- **RECORDS FOR THE EXERCISE**
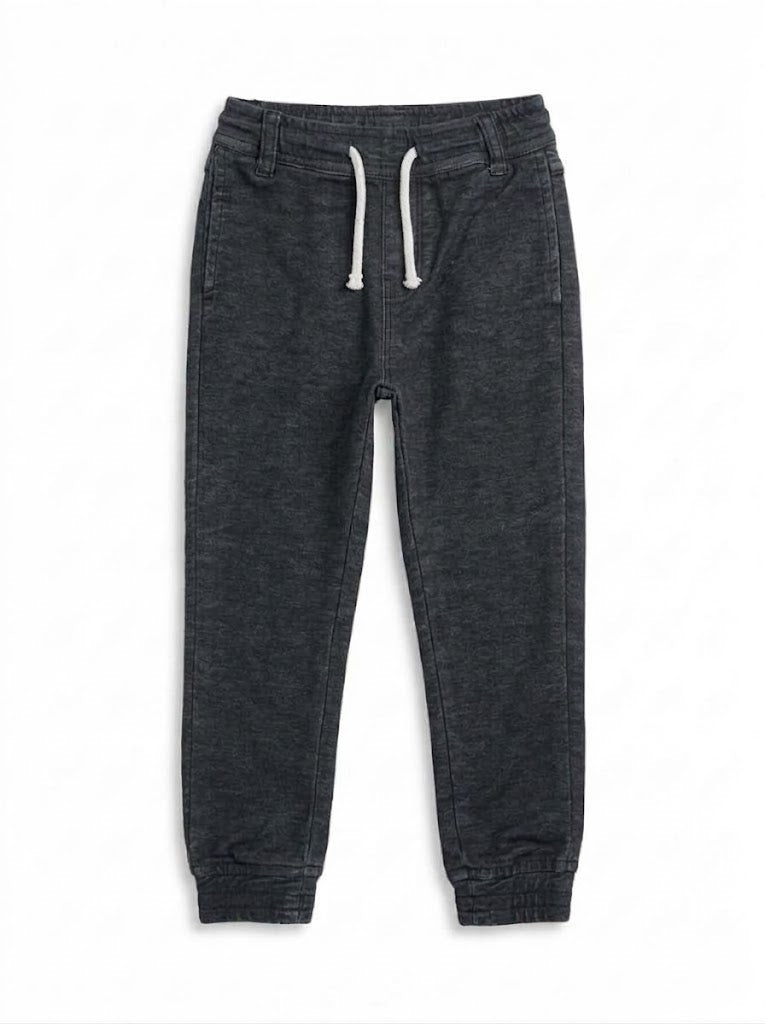 Denim Boys Dark Charcoal Wash Fleece Drawstring Jogger Trousers| SM GARMENTS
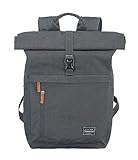 travelite Handgepäck Rucksack, Laptop Rucksack 15,6 Zoll, BASICS, Reiserucksack Rolltop Funktion, 60 cm, 35 Liter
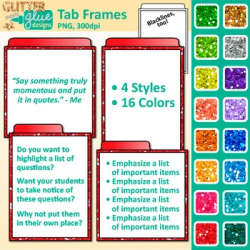 Tab Frames Clip Art: Organize Bulleted Page Content {Glitter Meets Glue}
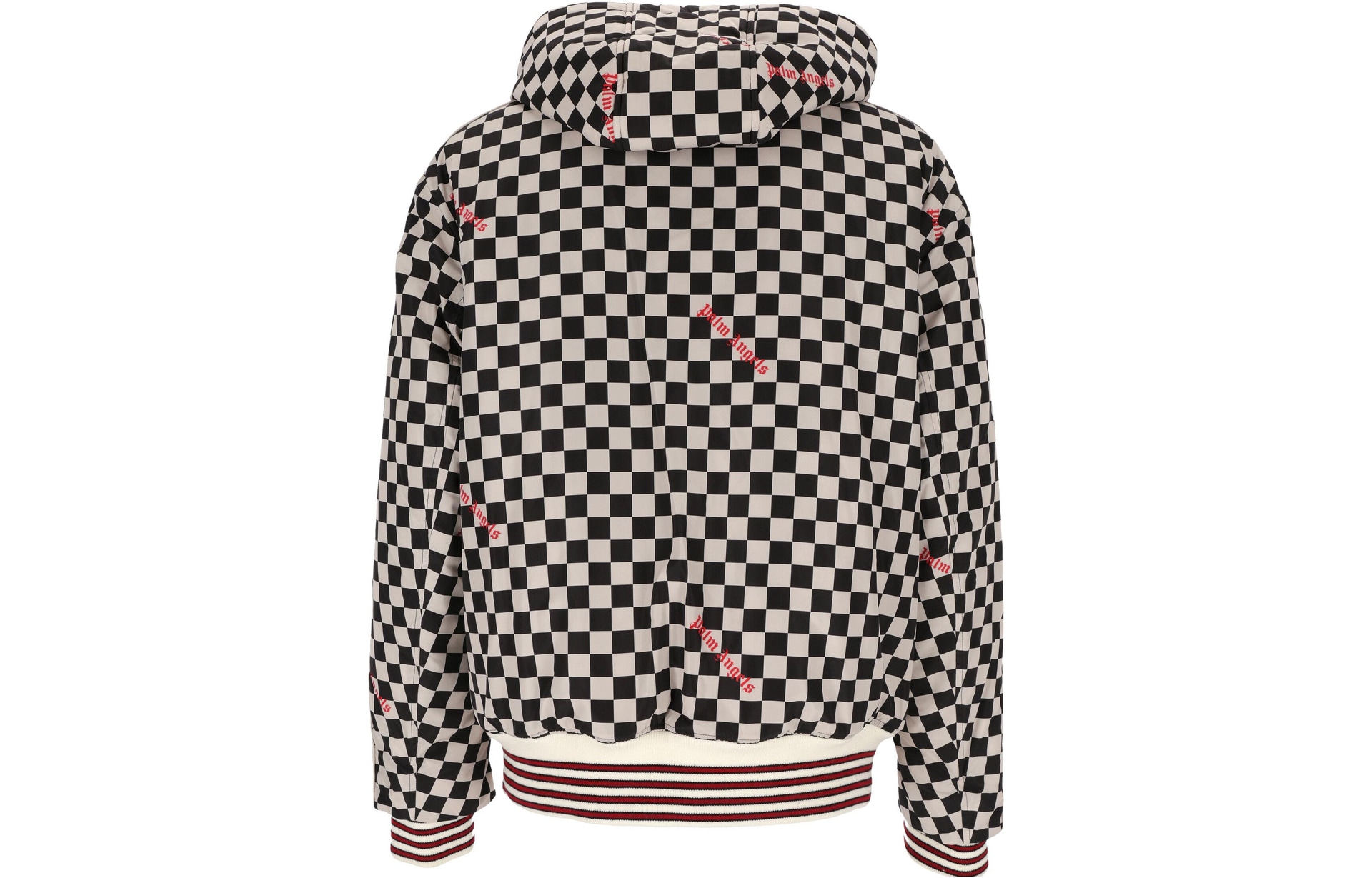 Palm Angels FW22 Plaid Logo Zip Hoodie Black White — фото 1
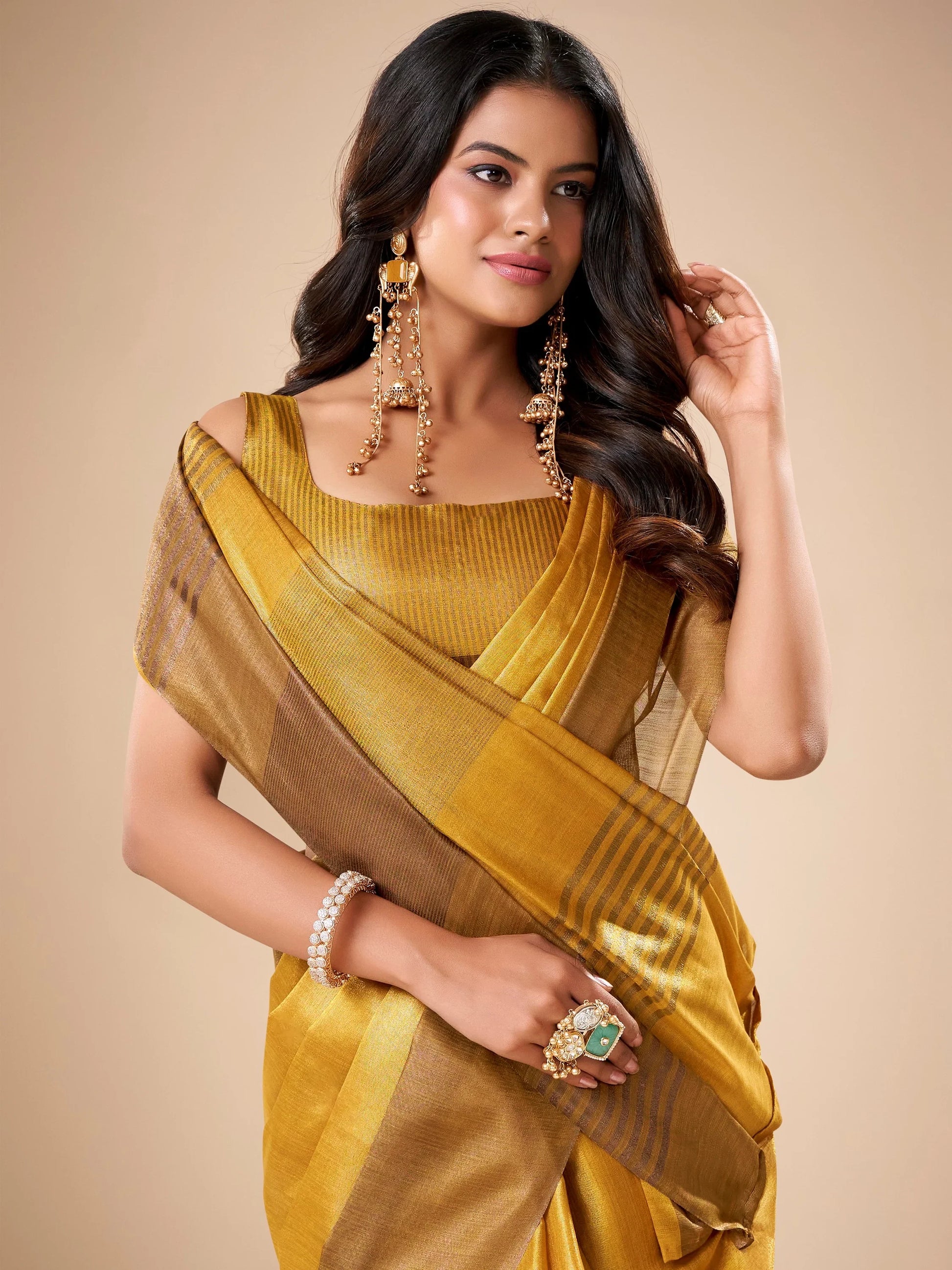 Spectacular Yellow Zari Weaving Tissue Haldi Wear Saree With Blouse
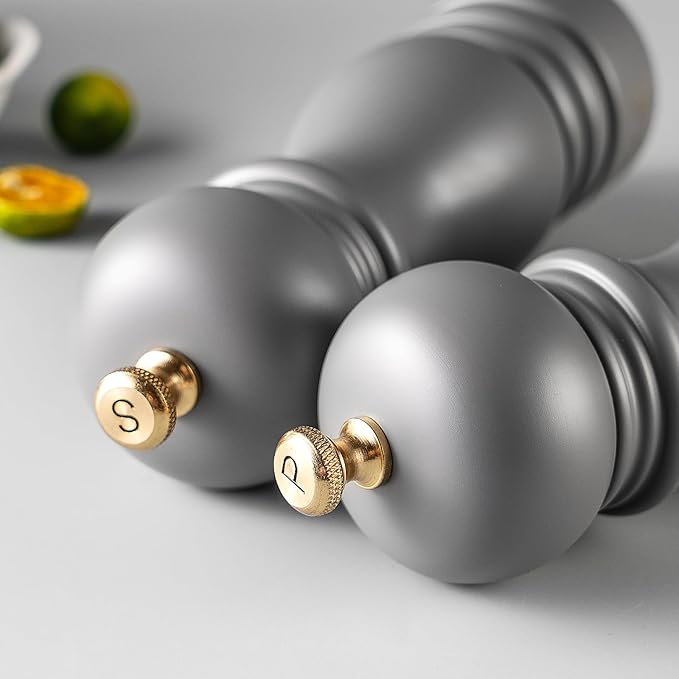 Salt and Pepper Grinder Pepper Mill Grinder Pepper Grinders Shakers Salt Mill Set of 2 with Adjustable Ceramic Rotor 7 Inch Grey - Image 4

- **YOUR GOAL**
Would you return the records exactly as written, minus any image?

- **RESULT FOR THIS TASK**
 Denim Boys Dark Charcoal Wash Fleece Drawstring Jogger Trousers| SM GARMENTS
 travelite Handgepäck Rucksack, Laptop Rucksack 15,6 Zoll, BASICS, Reiserucksack Rolltop Funktion, 60 cm, 35 Liter
 Tab Frames Clip Art: Organize Bulleted Page Content {Glitter Meets Glue}
 Palm Angels FW22 Plaid Logo Zip Hoodie Black White — фото 1
 Spectacular Yellow Zari Weaving Tissue Haldi Wear Saree With Blouse
 Salt and Pepper Grinder Pepper Mill Grinder Pepper Grinders Shakers Salt Mill Set of 2 with Adjustable Ceramic Rotor 7 Inch Grey - Image 4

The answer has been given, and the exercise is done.